Franco Harris, Hall of Fame Pittsburgh Steelers running back, dies at 72. Check out what happened to him and how did he die.

Franco Harris : What happened to | How did die | Wife

Harris was born in Fort Dix, New Jersey. His father, Cad Harris, a black soldier, served in World War II and was stationed in Italy during the war.

Franco Harris : What happened to | How did die | Wife

His mother, Gina Parenti Harris, was a native Italian and became a “war bride“, who moved with her husband when he returned to the United States after the end of the war.

Harris graduated from Rancocas Valley Regional High School in Mount Holly Township, New Jersey, in 1968.

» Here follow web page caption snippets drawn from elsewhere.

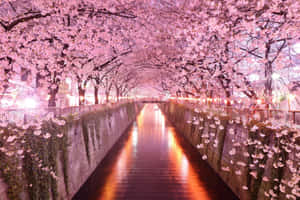 Enjoy The Beauty Of Modern Technology With Sakura Pc Wallpaper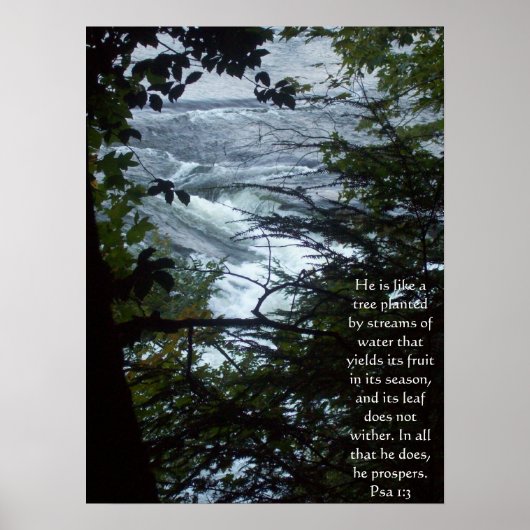Psalm 1:3 poster (Voorkant)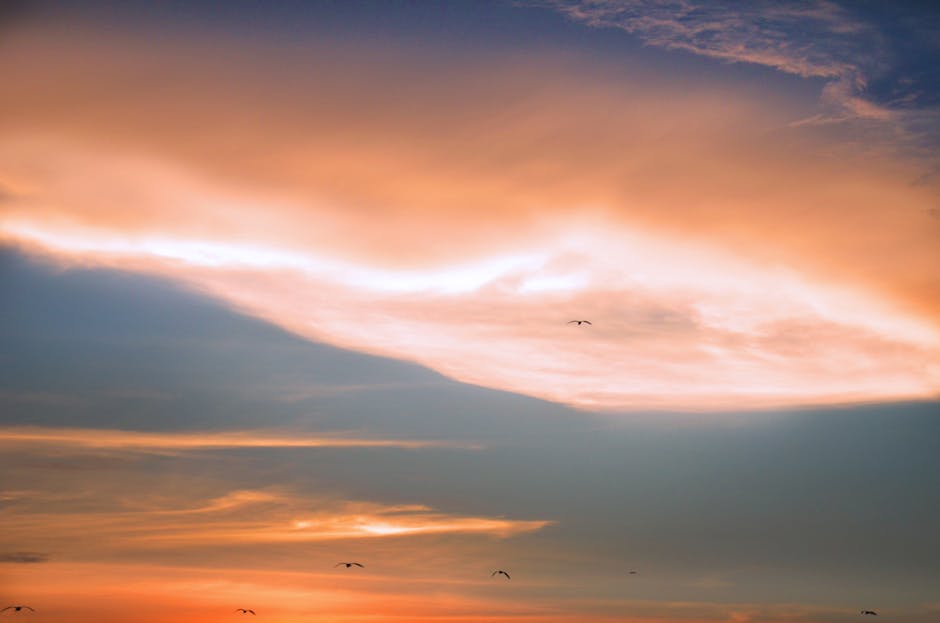 Beautiful sunset with birds flying under a colorful sky in Pahang, Malaysia.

He then attended Penn State University, where he played on the Nittany Lions football team.

What happened to Franco Harris 

Harris, whose heads-up thinking authored the most iconic play in NFL history, has died. He was 72.

The ball fluttered in the air and all but one of the 22 players on the Three Rivers Stadium turf on that cold December day 50 years ago essentially stopped.

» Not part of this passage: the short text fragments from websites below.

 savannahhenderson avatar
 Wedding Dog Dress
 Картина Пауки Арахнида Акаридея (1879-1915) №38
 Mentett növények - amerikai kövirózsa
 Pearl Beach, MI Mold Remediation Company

Franco Harris : What happened to | How did die | Wife

The Pittsburgh Steelers running back kept right on going, the instincts that carried him through his life both on and off the field during his Hall of Fame career taking over, shifting the perception of a moribund franchise and a reeling region in the process.

The Steelers rarely won before his arrival in 1972. The moment his shoe-top grab eternally known as the “Immaculate Reception” entered the lexicon, they rarely lost.

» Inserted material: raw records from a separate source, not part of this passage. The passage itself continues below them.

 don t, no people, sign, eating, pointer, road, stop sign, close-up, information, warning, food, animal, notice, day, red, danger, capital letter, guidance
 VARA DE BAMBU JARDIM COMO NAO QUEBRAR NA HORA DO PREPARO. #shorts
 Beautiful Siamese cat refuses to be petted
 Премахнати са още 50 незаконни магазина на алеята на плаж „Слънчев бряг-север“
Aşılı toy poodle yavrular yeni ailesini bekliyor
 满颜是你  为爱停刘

Harris, whose heads-up thinking authored the most iconic play in NFL history, has died. He was 72. Harris’ son, Dok, told The Associated Press on Wednesday that his father died overnight. No cause of death was given.

His death comes two days before the 50th anniversary of the play that provided the jolt that helped transform the Steelers from also-rans into the NFL’s elite, and three days before Pittsburgh is scheduled to retire his No. 32 during a ceremony at halftime of its game against the Las Vegas Raiders.

Harris had been busy in the run-up to the celebration, doing media interviews Monday to talk about a moment to which he is forever linked.

How did Franco Harris die 

Sources confirmed to Pittsburgh Action News 4, that Franco Harris, the Pittsburgh Steelers Hall-of-Famer died of natural causes at the age of 72, a few days before the 50th anniversary of Immaculate reception.

Franco Harris : What happened to | How did die | Wife


Tributes to Harris poured in on social media Wednesday morning.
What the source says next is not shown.